I inform the meeting that we have been instructed to vote as follows: 523,318 against this item; 13,477 votes as abstention; and 85,142,755 votes in favor of this item.

Piero Novelli

executive
#84

Thank you. If there are no further votes against and no further abstentions, I assume that the remainder of the votes are in favor. I conclude that the proposal to designate the Managing Board as the competent body to issue ordinary shares has been adopted. Voting Item 16. Are there any shareholders who wish to vote against the proposal to designate the Managing Board as the competent body to restrict or exclude the preemptive rights of shareholders? Are there any shareholders who wish to abstain from voting?

Unknown Shareholder

shareholder
#85

I inform the meeting that we have been instructed to vote as follows: 1,792,597 votes against this item; 14,074 votes as abstention; and 83,872,879 votes in favor of this item.

Piero Novelli

executive
#86

Thank you. If there are no further votes against and no further abstentions, I assume that the remainder of the votes are in favor. I conclude that the proposal to designate the Managing Board as the competent body to restrict or exclude the preemptive rights of shareholders has been adopted. We will proceed to the next item, agenda item 11, proposal to authorize the Managing Board to acquire ordinary shares in the share capital of the company on behalf of the company. The 17th voting item is the proposal to authorize the Managing Board to acquire ordinary shares in the share capital of the company on behalf of the company of up to 10% of the issued ordinary share capital at the time of the purchase. For further details, I refer to the explanatory notes in the agenda. Are there any shareholders who have comments or questions about this item? I note no comments are made and no questions are asked. I suggest to vote on the proposal to authorize the Managing Board to acquire ordinary shares in the share capital of the company on behalf of the company. Voting item 17. Are there any shareholders who wish to vote against the proposal to authorize the Managing Board to acquire ordinary shares in the share capital of the company on behalf of the company? Are there any shareholders who wish to abstain from voting?

Unknown Shareholder

shareholder
#87

I inform the meeting that we have been instructed to vote as follows: 827,702 votes against this item; 157,947 votes as abstention; and [ 84,730,901 ] votes in favor of this item.

Piero Novelli

executive
#88

Thank you.
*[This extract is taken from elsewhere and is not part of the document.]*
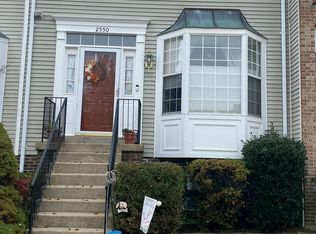 2550 Selkirk Ct, Crofton, MD 21114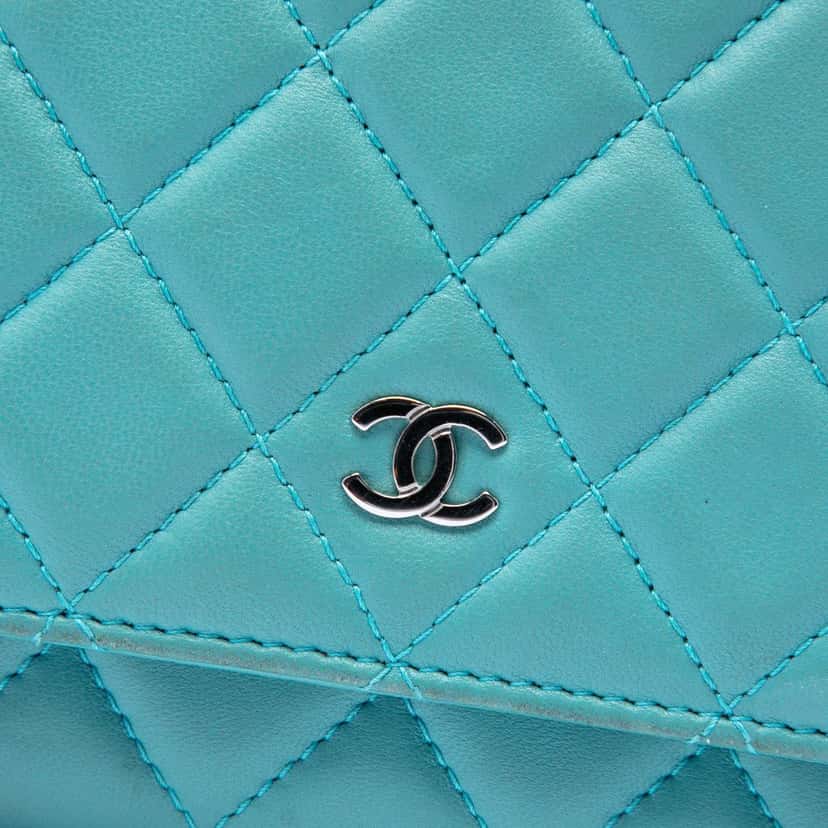 Chanel CC Quilted Lambskin Wallet On Chain Blue Leather Very good condition - Box View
If there are no further votes against and no further abstentions, I assume that the remainder of the votes are in favor. I conclude that the proposal to authorize the Managing Board to acquire ordinary shares in the share capital of the company on behalf of the company of up to 10% of the issued ordinary shares at the time of the purchase has been adopted. Agenda item 12, proposal to authorize the Supervisory Board or Managing Board, subject to approval of the Supervisory Board, to grant rights to French beneficiaries to receive shares in accordance with articles L225-197.1 (sic) [ L225-197-1 ] of the French Code of Commerce. The final voting item is the proposal to authorize the Supervisory Board or Managing Board, subject to the approval of the Supervisory Board, to grant rights to French beneficiaries to receive shares in accordance with articles L225-197-1 of the French Code of Commerce. I refer to the explanatory notes to the agenda for further details. Are there any shareholders who have comments or questions about this item? I note no comments are made and no questions are asked. I suggest to vote on the proposal to authorize the Supervisory Board or Managing Board to grant rights to French beneficiaries to receive shares in accordance with articles L225-197-1 of the French Code of Commerce. Voting item 18. Are there any shareholders who wish to vote against the proposal to authorize Supervisory Board or Managing Board to grant rights to French beneficiaries to receive shares in accordance with articles L225-197-1 of the French Code of Commerce? Are there any shareholders who wish to abstain from voting?

Unknown Shareholder

shareholder
#89

I inform the meeting that we have been instructed to vote as follows: 1,565,129 votes against this item; 13,946 votes as abstention; and 84,100,475 votes in favor of this item.

Piero Novelli

executive
#90

Thank you. If there are no further votes against and no further abstentions, I assume that the remainder of the votes are in favor. I conclude that the proposal to authorize the Supervisory Board or Managing Board to grant rights to French beneficiaries to receive shares in accordance with articles L225-197-1 of the French Code of Commerce has been adopted. Agenda item 13, any other business. If any of the shareholders present at this meeting wishes to make any announcement, raise any other issues or put any remaining questions to the Managing Board or the Supervisory Board, this would be the time to do so, please.

Unknown Shareholder

shareholder
#91

Thank you, Mr. Chairman. I'm Mr. [indiscernible], and I attend on behalf of the shareholders of [indiscernible]. We have a claim because Euronext Amsterdam, they have to try to do their best, but we are -- we have a claim now. They are against the regulations, and that is for 2004 [ 0 41 ]. And we have to get our money. But now we didn't get the money because Euronext and the AFM, they said we missed a new claim. And now I want to hand to you our papers. And I ask you to attend to us in this meeting. May I give you this?

Piero Novelli

executive
#92

Thank you for your question. And yes, please. Thank you, sir. Thank you. Thank you very much. So thank you for your question in your remarks. Firstly, I want to acknowledge the importance of every shareholders' voice in this meeting. Your feedback is always valuable to us, and we take all concerns seriously. However, regarding the specific issue you mentioned, the General Shareholders' Meeting is not the appropriate forum for such discussion. But our management team is prepared to provide more detailed information and discuss with you your concerns in a separate conversation. We are committed to transparency and are always open to dialogue with our shareholders. Thank you. I conclude that none of the shareholders wishes to make any more announcements or remarks. So agenda item 14, I hereby close the Annual General Meeting and thank everybody for their presence. Thank you.